Top of DATA SECTION

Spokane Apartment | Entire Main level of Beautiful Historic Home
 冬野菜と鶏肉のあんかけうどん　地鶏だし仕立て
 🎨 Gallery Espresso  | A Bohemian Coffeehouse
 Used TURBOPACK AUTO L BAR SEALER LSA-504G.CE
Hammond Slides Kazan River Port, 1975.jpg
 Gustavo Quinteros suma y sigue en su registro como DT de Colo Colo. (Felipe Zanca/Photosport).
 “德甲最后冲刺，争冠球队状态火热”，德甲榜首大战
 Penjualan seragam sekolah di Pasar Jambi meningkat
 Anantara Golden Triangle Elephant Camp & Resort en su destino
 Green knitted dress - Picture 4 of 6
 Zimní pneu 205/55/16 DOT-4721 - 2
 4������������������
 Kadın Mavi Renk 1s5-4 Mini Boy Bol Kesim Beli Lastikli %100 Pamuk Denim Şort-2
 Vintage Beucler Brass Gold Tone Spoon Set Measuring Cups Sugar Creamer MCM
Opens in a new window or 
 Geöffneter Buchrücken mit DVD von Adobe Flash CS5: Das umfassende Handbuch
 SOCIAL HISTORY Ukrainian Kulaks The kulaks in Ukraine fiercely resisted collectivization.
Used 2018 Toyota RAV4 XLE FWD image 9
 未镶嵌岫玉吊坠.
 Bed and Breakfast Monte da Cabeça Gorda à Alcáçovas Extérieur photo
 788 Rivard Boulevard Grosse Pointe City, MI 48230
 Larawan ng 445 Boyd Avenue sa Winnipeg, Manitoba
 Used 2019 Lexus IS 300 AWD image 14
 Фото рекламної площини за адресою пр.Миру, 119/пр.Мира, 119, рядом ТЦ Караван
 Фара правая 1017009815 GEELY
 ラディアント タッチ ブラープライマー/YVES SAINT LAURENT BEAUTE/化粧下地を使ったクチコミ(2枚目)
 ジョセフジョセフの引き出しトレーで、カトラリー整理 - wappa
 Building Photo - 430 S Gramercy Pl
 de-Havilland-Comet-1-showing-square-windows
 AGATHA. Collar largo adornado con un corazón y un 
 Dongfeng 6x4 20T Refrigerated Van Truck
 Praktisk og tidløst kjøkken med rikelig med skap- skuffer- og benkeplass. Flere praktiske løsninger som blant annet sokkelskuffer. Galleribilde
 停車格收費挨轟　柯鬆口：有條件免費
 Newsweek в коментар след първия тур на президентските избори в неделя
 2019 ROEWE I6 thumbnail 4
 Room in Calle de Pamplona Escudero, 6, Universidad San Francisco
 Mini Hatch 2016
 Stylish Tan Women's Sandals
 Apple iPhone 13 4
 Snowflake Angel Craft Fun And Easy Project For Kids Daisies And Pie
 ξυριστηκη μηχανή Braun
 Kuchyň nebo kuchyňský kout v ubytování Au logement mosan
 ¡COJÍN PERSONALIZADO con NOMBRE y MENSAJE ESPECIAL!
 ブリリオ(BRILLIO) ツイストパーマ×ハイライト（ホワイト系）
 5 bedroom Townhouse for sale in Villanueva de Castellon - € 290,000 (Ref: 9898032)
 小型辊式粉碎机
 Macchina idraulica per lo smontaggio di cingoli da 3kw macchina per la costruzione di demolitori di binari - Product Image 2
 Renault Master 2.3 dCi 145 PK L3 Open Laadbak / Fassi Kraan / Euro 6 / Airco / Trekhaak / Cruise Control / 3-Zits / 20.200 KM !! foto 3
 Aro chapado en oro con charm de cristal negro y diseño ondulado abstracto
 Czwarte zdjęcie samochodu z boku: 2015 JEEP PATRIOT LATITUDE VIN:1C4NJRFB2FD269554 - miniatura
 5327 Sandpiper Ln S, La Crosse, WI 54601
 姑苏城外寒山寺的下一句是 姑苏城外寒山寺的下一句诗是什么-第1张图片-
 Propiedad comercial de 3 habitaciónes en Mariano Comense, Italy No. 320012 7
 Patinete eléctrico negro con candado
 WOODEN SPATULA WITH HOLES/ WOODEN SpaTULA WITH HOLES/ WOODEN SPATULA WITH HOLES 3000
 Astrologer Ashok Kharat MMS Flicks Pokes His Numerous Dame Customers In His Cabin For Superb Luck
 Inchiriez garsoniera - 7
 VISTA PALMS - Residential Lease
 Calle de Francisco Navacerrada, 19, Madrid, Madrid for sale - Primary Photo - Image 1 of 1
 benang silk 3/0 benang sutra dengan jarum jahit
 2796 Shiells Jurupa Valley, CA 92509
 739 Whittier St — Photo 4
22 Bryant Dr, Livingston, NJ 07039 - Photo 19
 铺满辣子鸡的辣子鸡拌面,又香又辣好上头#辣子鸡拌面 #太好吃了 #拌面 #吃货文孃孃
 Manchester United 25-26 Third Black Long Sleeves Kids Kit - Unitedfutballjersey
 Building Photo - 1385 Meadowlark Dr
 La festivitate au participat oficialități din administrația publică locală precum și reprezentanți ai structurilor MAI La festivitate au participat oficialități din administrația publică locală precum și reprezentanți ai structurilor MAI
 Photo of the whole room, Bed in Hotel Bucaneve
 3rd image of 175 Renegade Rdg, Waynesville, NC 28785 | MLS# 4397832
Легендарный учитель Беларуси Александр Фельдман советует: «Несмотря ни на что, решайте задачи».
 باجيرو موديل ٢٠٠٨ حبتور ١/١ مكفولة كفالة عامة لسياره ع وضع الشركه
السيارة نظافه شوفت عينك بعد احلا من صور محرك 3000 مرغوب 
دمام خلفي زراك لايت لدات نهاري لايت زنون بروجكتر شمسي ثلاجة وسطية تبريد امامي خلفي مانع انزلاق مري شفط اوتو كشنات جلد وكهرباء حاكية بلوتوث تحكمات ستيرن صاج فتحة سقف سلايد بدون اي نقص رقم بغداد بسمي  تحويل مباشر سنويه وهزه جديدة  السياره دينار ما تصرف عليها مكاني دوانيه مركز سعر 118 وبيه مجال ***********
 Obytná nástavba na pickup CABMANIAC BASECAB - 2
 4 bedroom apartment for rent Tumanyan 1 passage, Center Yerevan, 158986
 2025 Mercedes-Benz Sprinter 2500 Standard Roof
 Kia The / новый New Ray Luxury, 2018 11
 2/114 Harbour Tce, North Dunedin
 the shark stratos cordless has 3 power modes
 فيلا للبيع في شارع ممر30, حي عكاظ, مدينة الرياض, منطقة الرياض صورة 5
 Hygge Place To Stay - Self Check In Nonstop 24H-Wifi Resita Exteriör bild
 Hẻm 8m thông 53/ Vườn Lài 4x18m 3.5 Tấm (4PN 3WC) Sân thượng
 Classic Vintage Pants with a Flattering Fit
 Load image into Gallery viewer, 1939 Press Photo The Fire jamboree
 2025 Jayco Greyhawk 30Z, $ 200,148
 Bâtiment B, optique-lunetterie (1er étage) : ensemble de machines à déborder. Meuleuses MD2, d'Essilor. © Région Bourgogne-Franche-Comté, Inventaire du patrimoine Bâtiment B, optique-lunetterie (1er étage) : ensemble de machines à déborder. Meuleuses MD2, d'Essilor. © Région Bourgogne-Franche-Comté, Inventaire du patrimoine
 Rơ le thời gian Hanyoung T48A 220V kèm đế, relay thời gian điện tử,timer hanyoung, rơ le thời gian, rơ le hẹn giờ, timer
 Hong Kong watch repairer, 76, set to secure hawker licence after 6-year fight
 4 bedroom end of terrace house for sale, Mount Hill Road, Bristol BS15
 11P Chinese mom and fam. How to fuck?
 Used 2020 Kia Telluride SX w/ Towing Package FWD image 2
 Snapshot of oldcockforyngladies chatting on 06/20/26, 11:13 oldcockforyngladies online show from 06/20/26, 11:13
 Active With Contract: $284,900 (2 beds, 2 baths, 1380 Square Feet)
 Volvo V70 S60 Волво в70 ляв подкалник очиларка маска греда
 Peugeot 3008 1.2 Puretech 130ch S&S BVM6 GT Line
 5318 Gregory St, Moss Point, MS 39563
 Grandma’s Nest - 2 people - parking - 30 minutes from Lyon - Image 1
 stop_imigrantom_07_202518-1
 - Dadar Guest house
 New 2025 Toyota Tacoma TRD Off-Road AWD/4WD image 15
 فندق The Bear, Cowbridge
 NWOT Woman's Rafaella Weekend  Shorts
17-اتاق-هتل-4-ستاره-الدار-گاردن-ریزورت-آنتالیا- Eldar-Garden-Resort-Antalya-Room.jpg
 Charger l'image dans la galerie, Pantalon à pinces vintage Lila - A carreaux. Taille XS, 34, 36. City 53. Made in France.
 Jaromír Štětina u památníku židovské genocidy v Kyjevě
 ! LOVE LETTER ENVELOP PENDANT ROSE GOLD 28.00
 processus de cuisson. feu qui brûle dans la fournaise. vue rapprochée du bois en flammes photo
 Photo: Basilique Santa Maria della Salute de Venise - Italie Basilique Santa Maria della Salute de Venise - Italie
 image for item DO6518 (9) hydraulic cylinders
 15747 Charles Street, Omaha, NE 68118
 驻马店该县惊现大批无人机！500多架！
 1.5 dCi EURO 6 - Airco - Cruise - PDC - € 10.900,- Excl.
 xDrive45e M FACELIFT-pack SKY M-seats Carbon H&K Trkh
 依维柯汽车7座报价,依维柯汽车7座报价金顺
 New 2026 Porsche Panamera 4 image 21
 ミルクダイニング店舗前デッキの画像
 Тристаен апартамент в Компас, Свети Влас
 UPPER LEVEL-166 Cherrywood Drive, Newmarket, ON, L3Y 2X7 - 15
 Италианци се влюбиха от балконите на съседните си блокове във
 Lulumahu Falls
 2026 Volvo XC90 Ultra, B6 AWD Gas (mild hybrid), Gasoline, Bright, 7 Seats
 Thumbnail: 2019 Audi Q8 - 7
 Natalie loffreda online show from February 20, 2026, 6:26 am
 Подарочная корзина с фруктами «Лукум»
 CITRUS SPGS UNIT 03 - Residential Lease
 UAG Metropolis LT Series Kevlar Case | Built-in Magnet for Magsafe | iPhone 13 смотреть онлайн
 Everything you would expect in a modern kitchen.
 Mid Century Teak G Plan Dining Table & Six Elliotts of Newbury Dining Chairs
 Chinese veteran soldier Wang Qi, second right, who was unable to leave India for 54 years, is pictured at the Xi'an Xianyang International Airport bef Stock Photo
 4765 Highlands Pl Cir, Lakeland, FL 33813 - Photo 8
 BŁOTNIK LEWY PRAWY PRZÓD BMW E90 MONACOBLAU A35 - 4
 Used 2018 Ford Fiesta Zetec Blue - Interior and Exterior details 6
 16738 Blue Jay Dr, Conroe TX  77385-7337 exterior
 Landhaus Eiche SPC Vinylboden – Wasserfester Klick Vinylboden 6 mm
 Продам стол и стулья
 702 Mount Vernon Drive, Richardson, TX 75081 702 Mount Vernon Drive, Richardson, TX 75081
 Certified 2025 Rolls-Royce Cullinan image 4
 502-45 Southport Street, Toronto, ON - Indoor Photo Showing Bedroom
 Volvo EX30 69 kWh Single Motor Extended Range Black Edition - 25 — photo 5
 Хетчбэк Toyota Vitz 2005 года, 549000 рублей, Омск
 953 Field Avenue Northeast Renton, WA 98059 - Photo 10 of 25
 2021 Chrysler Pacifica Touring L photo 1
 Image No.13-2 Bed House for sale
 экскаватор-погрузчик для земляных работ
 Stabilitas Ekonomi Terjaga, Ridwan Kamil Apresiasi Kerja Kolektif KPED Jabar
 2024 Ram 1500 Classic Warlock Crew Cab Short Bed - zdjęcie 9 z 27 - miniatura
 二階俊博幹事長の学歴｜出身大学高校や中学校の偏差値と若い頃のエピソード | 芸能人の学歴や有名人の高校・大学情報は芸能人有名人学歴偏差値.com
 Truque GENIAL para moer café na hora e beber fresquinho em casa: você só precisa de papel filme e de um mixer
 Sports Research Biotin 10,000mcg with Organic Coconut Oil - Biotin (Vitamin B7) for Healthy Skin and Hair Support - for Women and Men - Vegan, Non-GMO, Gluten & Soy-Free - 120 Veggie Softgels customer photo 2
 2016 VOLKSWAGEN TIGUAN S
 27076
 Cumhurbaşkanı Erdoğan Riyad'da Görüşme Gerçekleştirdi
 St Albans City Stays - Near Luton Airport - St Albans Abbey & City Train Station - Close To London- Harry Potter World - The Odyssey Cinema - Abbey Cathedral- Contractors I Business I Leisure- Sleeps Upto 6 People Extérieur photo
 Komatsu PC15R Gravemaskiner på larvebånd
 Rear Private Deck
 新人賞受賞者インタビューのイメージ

Bottom of DATA SECTION

Would you please copy exactly the part of the entries above that begins at the line containing "Macchina idraulica per" and ends at the line containing "Renault Master 2.3", both lines included?

 Macchina idraulica per lo smontaggio di cingoli da 3kw macchina per la costruzione di demolitori di binari - Product Image 2
 Renault Master 2.3 dCi 145 PK L3 Open Laadbak / Fassi Kraan / Euro 6 / Airco / Trekhaak / Cruise Control / 3-Zits / 20.200 KM !! foto 3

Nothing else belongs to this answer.